▶ [Exercise details] Transcribe, word for word, all of the entries below, and exclude any pictures from the copy.

Data extracted from a collection
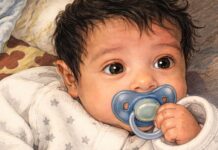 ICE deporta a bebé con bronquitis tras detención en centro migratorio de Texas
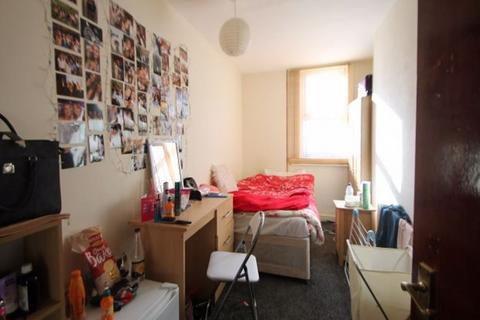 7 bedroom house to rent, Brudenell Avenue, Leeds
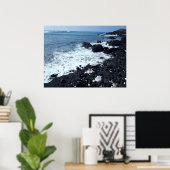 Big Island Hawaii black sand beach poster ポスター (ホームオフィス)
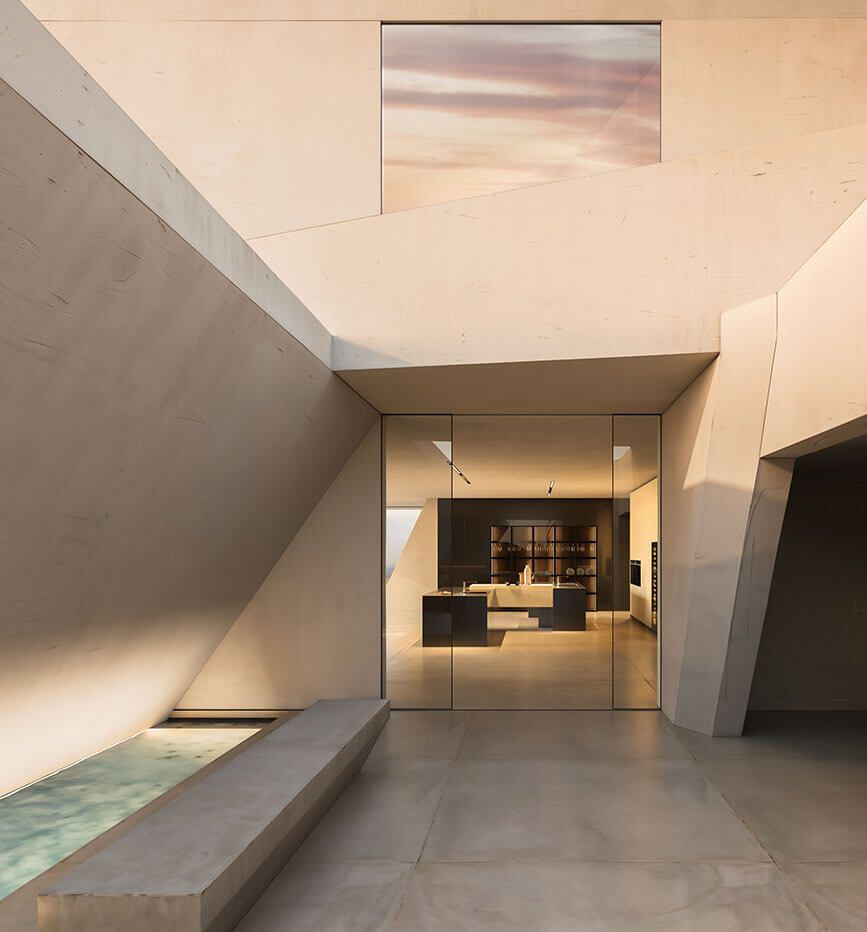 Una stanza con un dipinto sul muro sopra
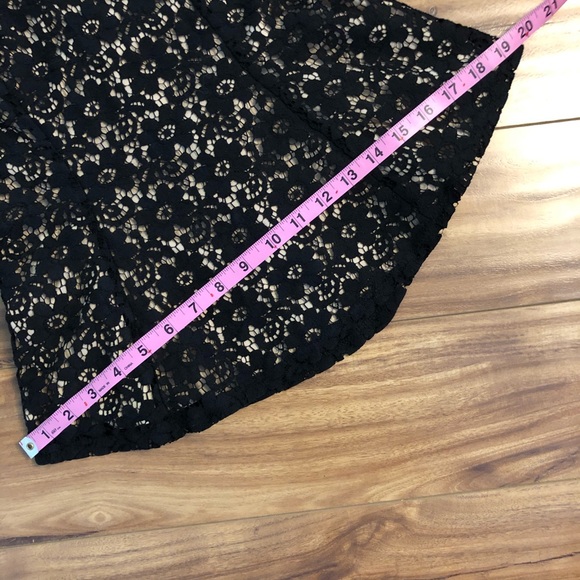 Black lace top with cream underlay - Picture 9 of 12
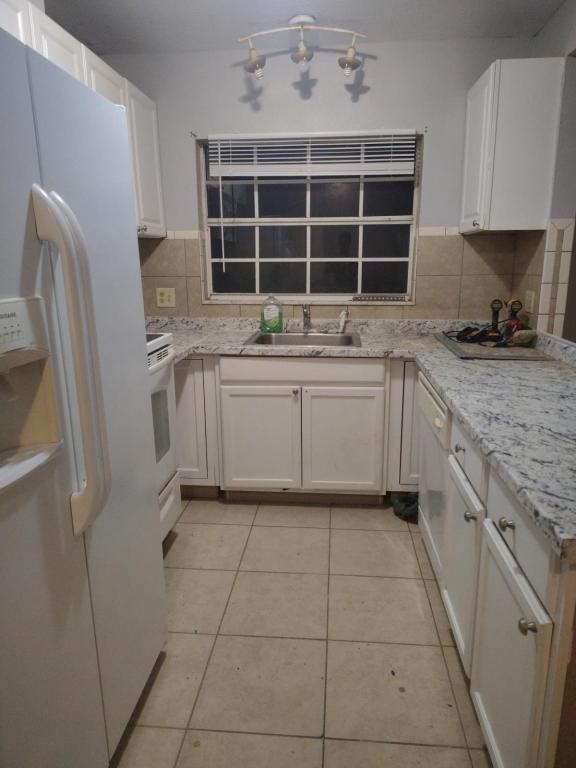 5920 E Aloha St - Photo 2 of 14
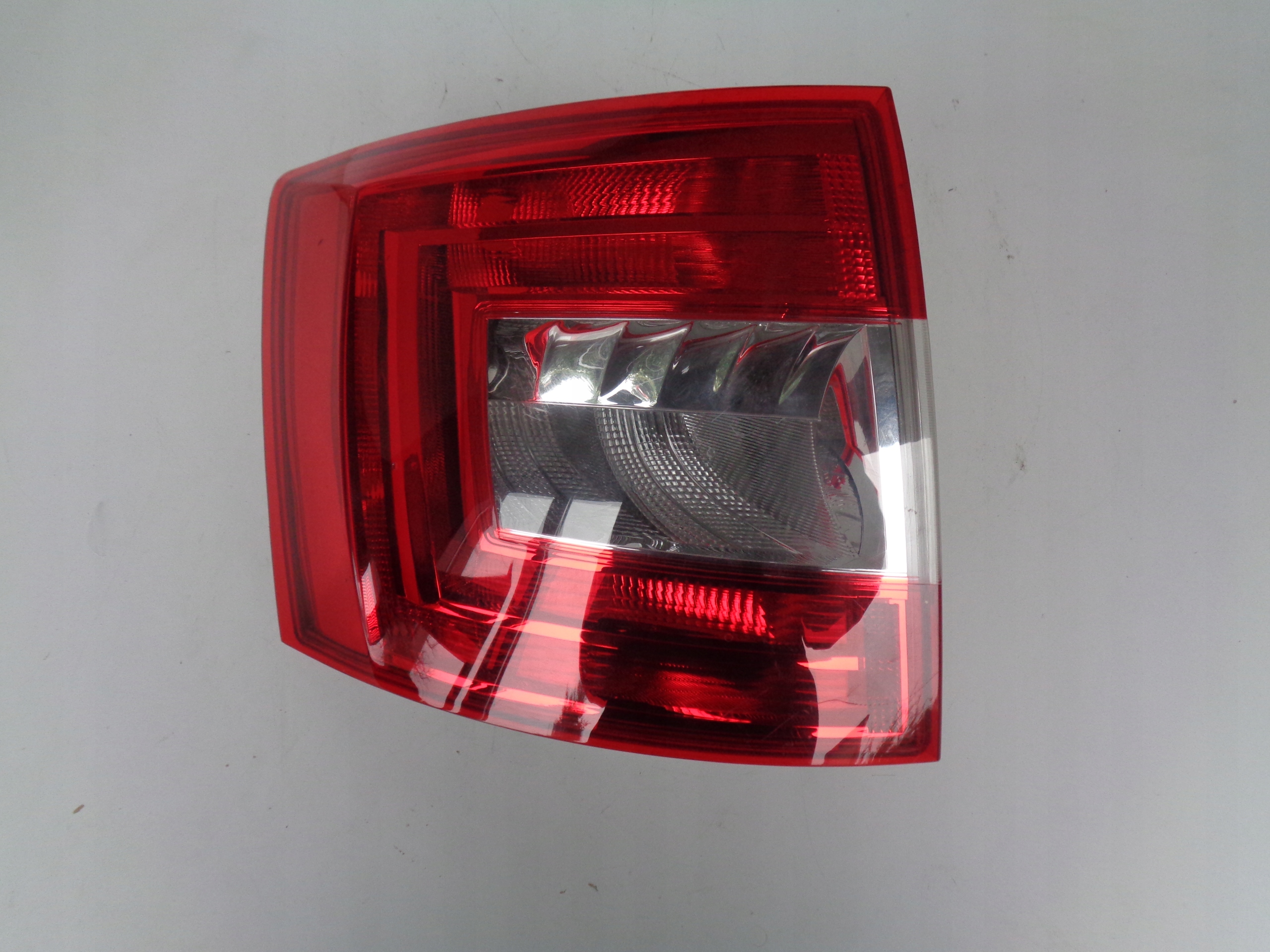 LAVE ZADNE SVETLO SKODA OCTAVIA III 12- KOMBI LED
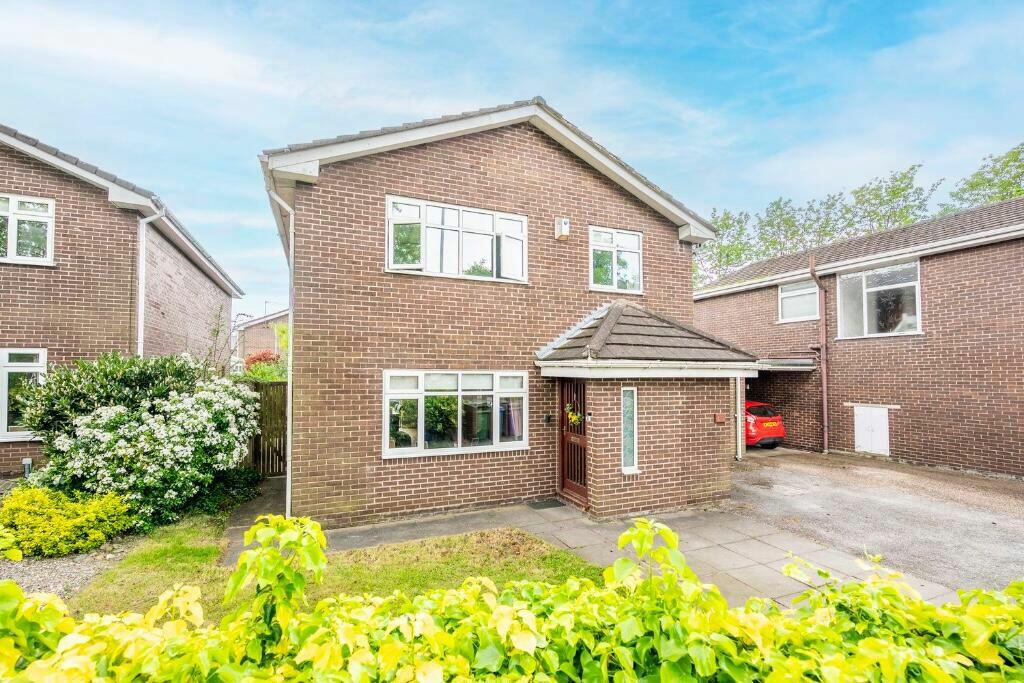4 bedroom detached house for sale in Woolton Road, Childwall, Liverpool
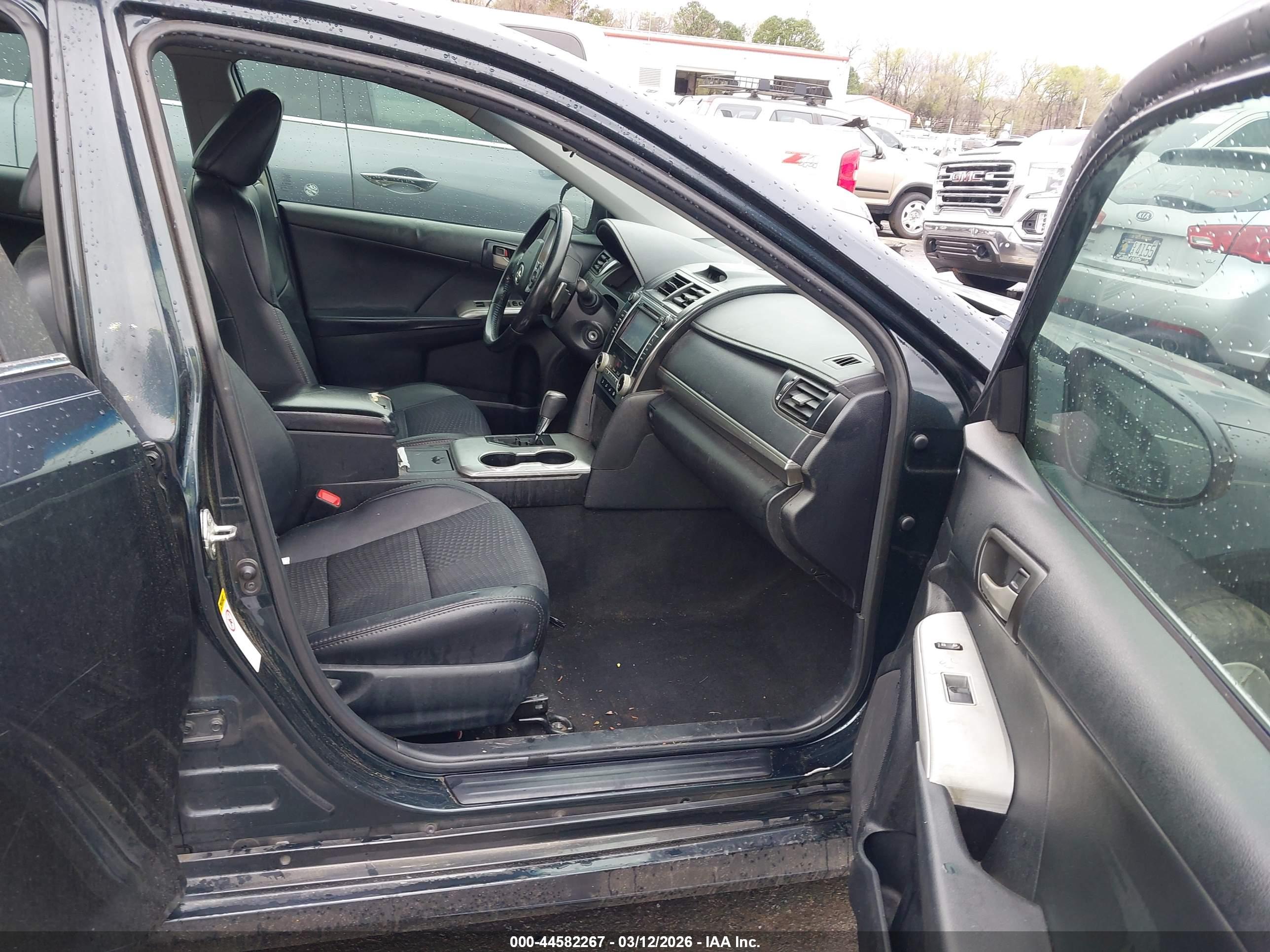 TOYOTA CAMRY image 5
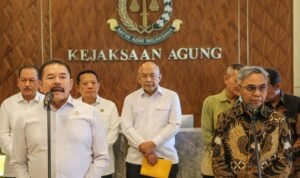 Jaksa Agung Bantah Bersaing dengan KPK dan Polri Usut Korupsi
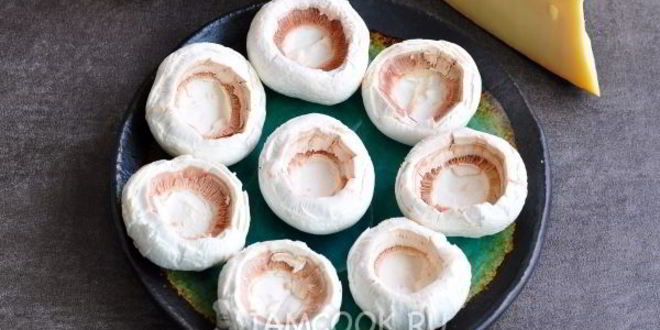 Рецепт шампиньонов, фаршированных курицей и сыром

▶ [Task output]
 ICE deporta a bebé con bronquitis tras detención en centro migratorio de Texas
 7 bedroom house to rent, Brudenell Avenue, Leeds
 Big Island Hawaii black sand beach poster ポスター (ホームオフィス)
 Una stanza con un dipinto sul muro sopra
 Black lace top with cream underlay - Picture 9 of 12
 5920 E Aloha St - Photo 2 of 14
 LAVE ZADNE SVETLO SKODA OCTAVIA III 12- KOMBI LED
4 bedroom detached house for sale in Woolton Road, Childwall, Liverpool
 TOYOTA CAMRY image 5
 Jaksa Agung Bantah Bersaing dengan KPK dan Polri Usut Korupsi
 Рецепт шампиньонов, фаршированных курицей и сыром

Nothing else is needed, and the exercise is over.